What the task asks —
Reproduce the records below exactly, but only between the lines holding "BEYBLADE X Beyblade" and "EBOND Empire State", inclusive.

Given records —
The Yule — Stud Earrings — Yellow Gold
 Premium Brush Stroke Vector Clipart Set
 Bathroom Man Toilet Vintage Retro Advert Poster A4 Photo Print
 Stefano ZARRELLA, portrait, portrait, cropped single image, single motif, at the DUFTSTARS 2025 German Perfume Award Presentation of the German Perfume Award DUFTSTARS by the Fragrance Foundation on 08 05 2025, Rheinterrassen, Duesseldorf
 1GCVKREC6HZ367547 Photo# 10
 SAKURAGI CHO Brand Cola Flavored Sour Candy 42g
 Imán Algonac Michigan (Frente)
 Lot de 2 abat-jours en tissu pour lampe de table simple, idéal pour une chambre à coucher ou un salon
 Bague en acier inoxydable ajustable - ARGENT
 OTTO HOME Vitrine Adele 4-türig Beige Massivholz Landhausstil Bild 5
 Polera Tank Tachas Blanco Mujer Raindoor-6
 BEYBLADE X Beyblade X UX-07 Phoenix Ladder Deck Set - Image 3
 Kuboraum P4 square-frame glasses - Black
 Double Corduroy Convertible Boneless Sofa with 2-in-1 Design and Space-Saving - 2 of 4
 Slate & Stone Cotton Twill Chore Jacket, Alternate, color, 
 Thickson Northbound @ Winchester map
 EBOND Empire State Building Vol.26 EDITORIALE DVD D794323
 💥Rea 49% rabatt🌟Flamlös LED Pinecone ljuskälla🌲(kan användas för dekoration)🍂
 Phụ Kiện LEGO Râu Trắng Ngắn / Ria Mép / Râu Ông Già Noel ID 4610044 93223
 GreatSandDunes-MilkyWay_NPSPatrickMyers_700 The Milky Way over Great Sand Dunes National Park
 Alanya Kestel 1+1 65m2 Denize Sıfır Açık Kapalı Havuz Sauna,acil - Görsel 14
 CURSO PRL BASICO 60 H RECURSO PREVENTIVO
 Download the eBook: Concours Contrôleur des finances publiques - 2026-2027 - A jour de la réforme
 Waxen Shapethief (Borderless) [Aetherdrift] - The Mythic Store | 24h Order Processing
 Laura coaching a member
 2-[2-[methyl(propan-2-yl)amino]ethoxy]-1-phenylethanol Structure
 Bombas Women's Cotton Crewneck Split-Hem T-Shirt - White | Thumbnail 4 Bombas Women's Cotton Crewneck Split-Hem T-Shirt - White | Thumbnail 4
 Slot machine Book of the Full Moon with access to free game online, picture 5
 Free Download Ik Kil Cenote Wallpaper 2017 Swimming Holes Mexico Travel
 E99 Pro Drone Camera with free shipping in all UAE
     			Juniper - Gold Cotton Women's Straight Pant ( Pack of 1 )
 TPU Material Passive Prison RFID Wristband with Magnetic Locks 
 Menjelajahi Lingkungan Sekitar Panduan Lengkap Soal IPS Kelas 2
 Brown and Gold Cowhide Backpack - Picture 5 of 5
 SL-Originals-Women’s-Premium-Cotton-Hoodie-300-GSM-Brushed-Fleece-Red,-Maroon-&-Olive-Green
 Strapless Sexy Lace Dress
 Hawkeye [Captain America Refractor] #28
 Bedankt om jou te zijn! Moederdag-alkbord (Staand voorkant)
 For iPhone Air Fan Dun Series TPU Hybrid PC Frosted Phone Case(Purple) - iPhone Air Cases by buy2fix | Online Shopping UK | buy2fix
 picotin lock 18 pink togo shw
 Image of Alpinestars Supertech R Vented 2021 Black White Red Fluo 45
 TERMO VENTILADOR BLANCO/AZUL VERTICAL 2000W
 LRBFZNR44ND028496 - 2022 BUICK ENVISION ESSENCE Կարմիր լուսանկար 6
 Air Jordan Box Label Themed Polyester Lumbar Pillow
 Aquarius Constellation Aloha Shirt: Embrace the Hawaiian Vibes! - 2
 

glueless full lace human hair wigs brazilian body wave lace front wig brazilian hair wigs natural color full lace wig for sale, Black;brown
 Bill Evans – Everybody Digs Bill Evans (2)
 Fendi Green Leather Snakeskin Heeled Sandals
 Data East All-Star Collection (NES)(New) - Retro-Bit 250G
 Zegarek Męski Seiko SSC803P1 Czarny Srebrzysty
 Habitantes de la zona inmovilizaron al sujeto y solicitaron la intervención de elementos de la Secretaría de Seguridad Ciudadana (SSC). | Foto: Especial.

Written answer —
 BEYBLADE X Beyblade X UX-07 Phoenix Ladder Deck Set - Image 3
 Kuboraum P4 square-frame glasses - Black
 Double Corduroy Convertible Boneless Sofa with 2-in-1 Design and Space-Saving - 2 of 4
 Slate & Stone Cotton Twill Chore Jacket, Alternate, color, 
 Thickson Northbound @ Winchester map
 EBOND Empire State Building Vol.26 EDITORIALE DVD D794323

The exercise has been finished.